*Task to complete*: Pictures aside, quote the whole listing exactly.

*Input data*:
+ + + +

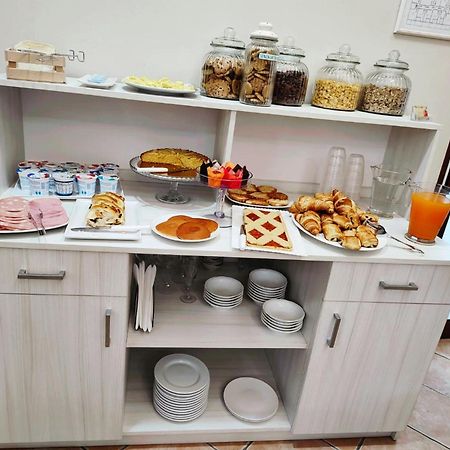 Hotel Piscina La Suite Prossedi Dış mekan fotoğraf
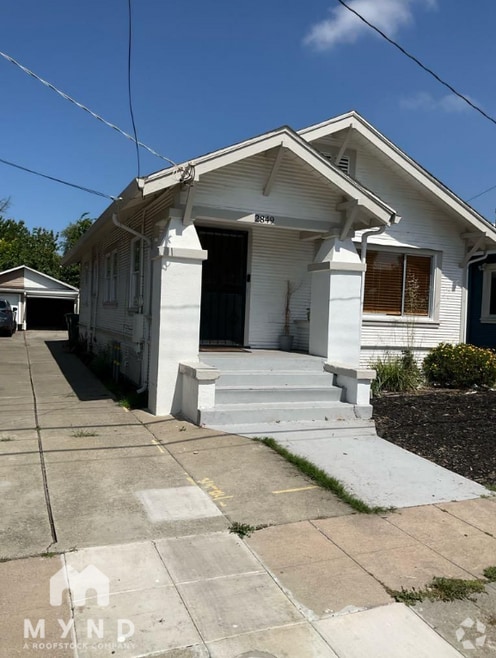 Building Photo - 2849 62nd Ave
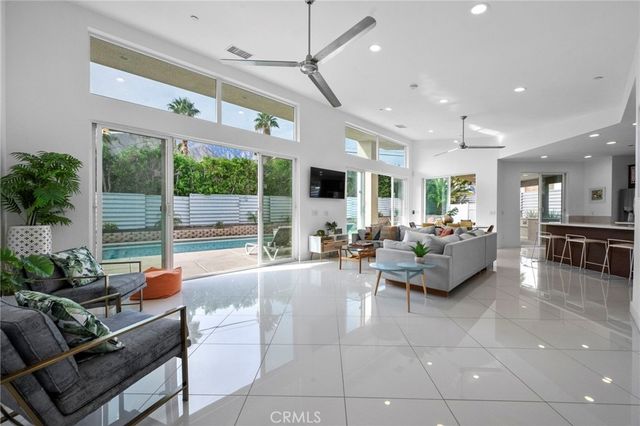 2461 N Junipero Avenue, Palm Springs, CA 92262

+ + + +

*Task result*:
 Hotel Piscina La Suite Prossedi Dış mekan fotoğraf
 Building Photo - 2849 62nd Ave
 2461 N Junipero Avenue, Palm Springs, CA 92262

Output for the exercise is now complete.